A litmus test to judge Iran's record has been the treatment afforded to its largest non-Muslim religious community, the Baha'is. The record was appalling in the early '80s when more than 200 leading members of the community were summarily executed or 'disappeared.' Canada responded, while I served as Minister of Employment and Immigration, with a refugee program that enriched this country by welcoming several thousand Iranian Baha'is. Lately the record of Iran has worsened – for religious and ethnic minorities, students, journalists, women, and labour leaders – and once again for the Baha'is, who provide a clear measure of just how deplorable the state of human rights is in Iran.

Five years ago this month, seven Baha'i leaders were wrongfully imprisoned and given 20-year sentences – the longest of any current prisoners of conscience. Five years are too many. I join many others around the world in calling for their immediate release.

The state-sponsored persecution of the Baha'is follows them from the cradle to the grave. Baha'is are routinely and arbitrarily thrown into jail. Currently more than a hundred are in prison, including three babies and their mothers. Several hundred others await sentencing or trials. They are denied work in the public sector; pensions; business licenses; and access to post-secondary education. Their cemeteries and holy places are destroyed. They are vilified in government-sponsored media hate campaigns – a strategy the Iranian people are learning to ignore as increasing numbers are, with great courage, speaking out in defence of their fellow Baha'i citizens.

The Baha'is reflect the cultural diversity of the people that make up Iran. They harbour no partisan loyalties and their contributions to the educational, scientific, and cultural advance of Iran since the religion emerged in the nineteenth century are significant. While the Baha'i Faith is an independent religion with a prophet-founder, Baha'u'llah, they respect the Prophet of Islam, just as they honour Iran's classical heritage and the religion of ancient Persia, Zoroastrianism. They are not militant and have no intention of bringing down the regime, despite such false accusations by their oppressors.

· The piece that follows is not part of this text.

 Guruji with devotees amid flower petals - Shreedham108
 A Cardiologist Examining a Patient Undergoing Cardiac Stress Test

The theocrats that run Iran follow a chilling plan laid out in a government document made public in 1993 by Professor Galindo Pohl, the UN Commission on Human Rights Special Representative on Iran. Described by The New York Times as "Iran's Nuremburg Laws," Tehran has been persistent and even clever in doing all it can to strangle the Baha'i community quietly, without relying on executions, by erasing the cultural, social, and educational tools that any community needs to survive.

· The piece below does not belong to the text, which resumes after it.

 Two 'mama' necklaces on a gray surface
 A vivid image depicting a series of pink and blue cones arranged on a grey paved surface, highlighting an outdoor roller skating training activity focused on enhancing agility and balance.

The equality of women and men, the importance of being loyal to government, the need for universal education, the role of science in advancing society, and the need of humanity to cherish religion as long as it contributes to social cohesion and harmony instead of sectarian, exclusive, and extremist claims – these are the Baha'i principles which enflame the animosity of the government.

On this, the fifth anniversary of the imprisonment of Iran's Baha'i leaders, it is time again to renew whatever means are available to press home to Iran's leaders how important it is to live up to its historical reputation as a leader of human civilization. Iran's leaders must come to understand the serious costs to that country's international standing, its domestic economy, and the long-term prospects for a prosperous and flourishing country if they continue to undercut the freedoms basic to any modern nation. Let Iran free the seven Baha'i leaders, and all other prisoners of conscience.

Lloyd Axworthy, a Canadian minister of foreign affairs from 1996 to 2000, is president of the University of Winnipeg.